The NCPA wants Congress to pass legislation that would increase the competitiveness of community pharmacies.

Hundreds of community pharmacists from across the country have gathered in Washington, DC, this week for the National Community Pharmacists Association’s 2012 Legislative and Government Affairs Conference. The conference attendees are receiving briefings about the NCPA’s public policy goals and will meet with their federal representatives to urge them to support a number of bills designed to give community pharmacists more leverage in their dealings with insurance plans and pharmacy benefit managers (PBMs).

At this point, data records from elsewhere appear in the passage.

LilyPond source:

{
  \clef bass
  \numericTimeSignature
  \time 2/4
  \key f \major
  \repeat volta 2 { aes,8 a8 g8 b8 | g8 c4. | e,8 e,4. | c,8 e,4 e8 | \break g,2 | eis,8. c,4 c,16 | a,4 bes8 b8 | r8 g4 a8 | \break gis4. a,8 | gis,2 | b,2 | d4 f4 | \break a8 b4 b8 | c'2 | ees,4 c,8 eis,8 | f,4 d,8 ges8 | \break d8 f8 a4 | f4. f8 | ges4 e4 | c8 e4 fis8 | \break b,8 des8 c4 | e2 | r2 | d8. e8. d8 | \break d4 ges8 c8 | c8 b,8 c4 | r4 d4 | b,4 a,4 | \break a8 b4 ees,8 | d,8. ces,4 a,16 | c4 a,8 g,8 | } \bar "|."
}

“Community pharmacists are on the front lines, and all across America it’s community pharmacists that are helping patients achieve better health and lower costs through the proper use of prescription medications,” said Rep. Cathy McMorris-Rodgers (R-WA), co-chair of the Community Pharmacy Caucus, in a conference call held to lay out the NCPA’s public policy goals.

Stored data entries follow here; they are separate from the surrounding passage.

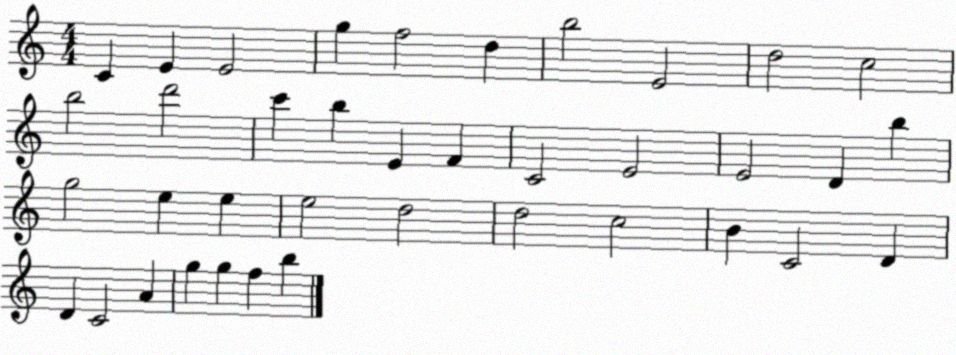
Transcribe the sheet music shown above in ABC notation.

X:1
T:Untitled
M:4/4
L:1/4
K:C
C E E2 g f2 d b2 E2 d2 c2 b2 d'2 c' b E F C2 E2 E2 D b g2 e e e2 d2 d2 c2 B C2 D D C2 A g g f b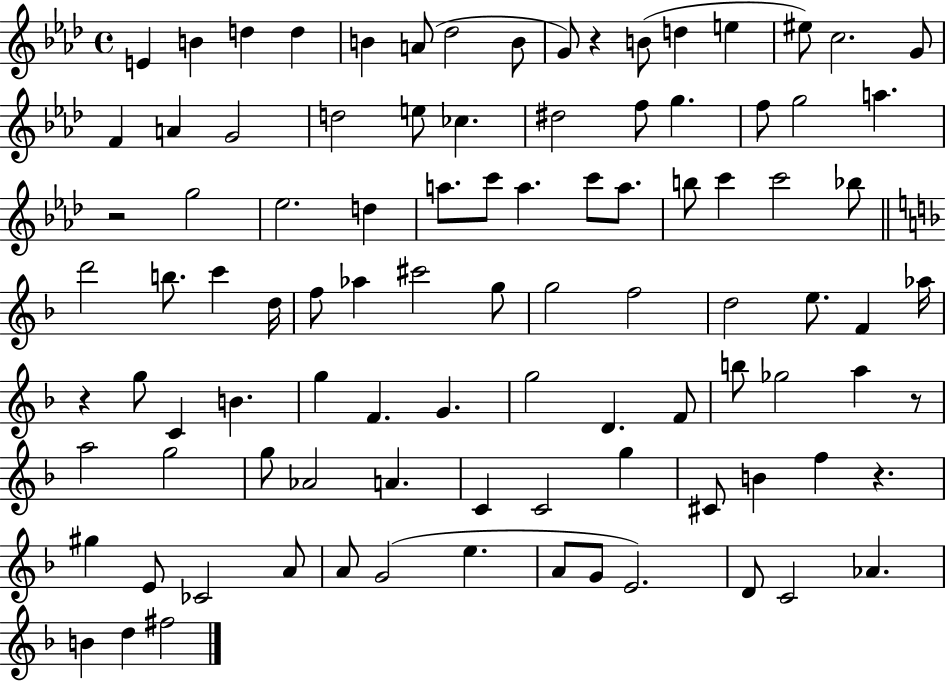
{
  \clef treble
  \time 4/4
  \defaultTimeSignature
  \key aes \major
  e'4 b'4 d''4 d''4 | b'4 a'8( des''2 b'8 | g'8) r4 b'8( d''4 e''4 | eis''8) c''2. g'8 | \break f'4 a'4 g'2 | d''2 e''8 ces''4. | dis''2 f''8 g''4. | f''8 g''2 a''4. | \break r2 g''2 | ees''2. d''4 | a''8. c'''8 a''4. c'''8 a''8. | b''8 c'''4 c'''2 bes''8 | \break \bar "||" \break \key f \major d'''2 b''8. c'''4 d''16 | f''8 aes''4 cis'''2 g''8 | g''2 f''2 | d''2 e''8. f'4 aes''16 | \break r4 g''8 c'4 b'4. | g''4 f'4. g'4. | g''2 d'4. f'8 | b''8 ges''2 a''4 r8 | \break a''2 g''2 | g''8 aes'2 a'4. | c'4 c'2 g''4 | cis'8 b'4 f''4 r4. | \break gis''4 e'8 ces'2 a'8 | a'8 g'2( e''4. | a'8 g'8 e'2.) | d'8 c'2 aes'4. | \break b'4 d''4 fis''2 | \bar "|."
}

McMorris-Rodgers discussed 2 bills that she has introduced in the House of Representatives: HR 4215, the Medicare Pharmacy Transparency and Fair Audit Act, and HR 1971, the Pharmacy Competition and Consumer Choice Act of 2011. HR 4215, introduced earlier this year, would require sponsors of a Medicare Part D prescription drug plan to inform pharmacies about how the plan’s “maximum allowable cost” (MAC) reimbursement limits are set, to update pricing information weekly, and ensure that pharmacies are notified promptly of pricing changes. In addition, it would limit audits of pharmacies carried out by Part D plan sponsors or their designees such that prescription claims could not be overturned unless intent to commit fraud and a resulting increase in cost to the plan were established.

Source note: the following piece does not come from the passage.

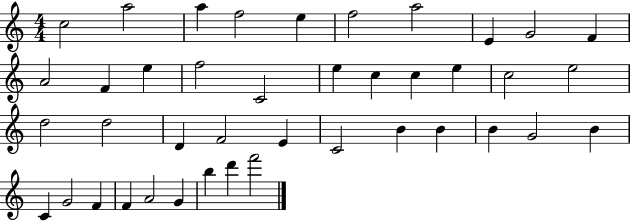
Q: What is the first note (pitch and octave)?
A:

HR 1971, introduced last year, included all the provisions in HR 4215, as well as a number of others. It would protect patients from being financially penalized for having prescriptions filled at a pharmacy of their choice rather than one owned by their insurance plan or its PBM. It would also require private insurance plans to disclose what the NCPA has called “profit-padding practices” such as encouraging patients to take higher-priced drugs. (Similar disclosure requirements are already in place for Medicare Part D plans and forthcoming state health insurance exchanges.)

“The reason this legislation is important is because community pharmacists are the small businesses that are dealing with the goliaths of PBMs, and this legislation will allow them to compete and to stay open in many examples,” said McMorris-Rodgers, adding that she hopes at least to have a hearing on 1 of the bills before this November's election.

McMorris-Rodgers and others on the conference call noted that passing legislation to protect the interests of community pharmacists was all the more important given the recent approval of the merger of 2 of the country’s 3 largest PBMs, Express Scripts and Medco. A federal lawsuit to block the merger filed by the NCPA along with the National Association of Chain Drug Stores and a number of community pharmacies is still pending.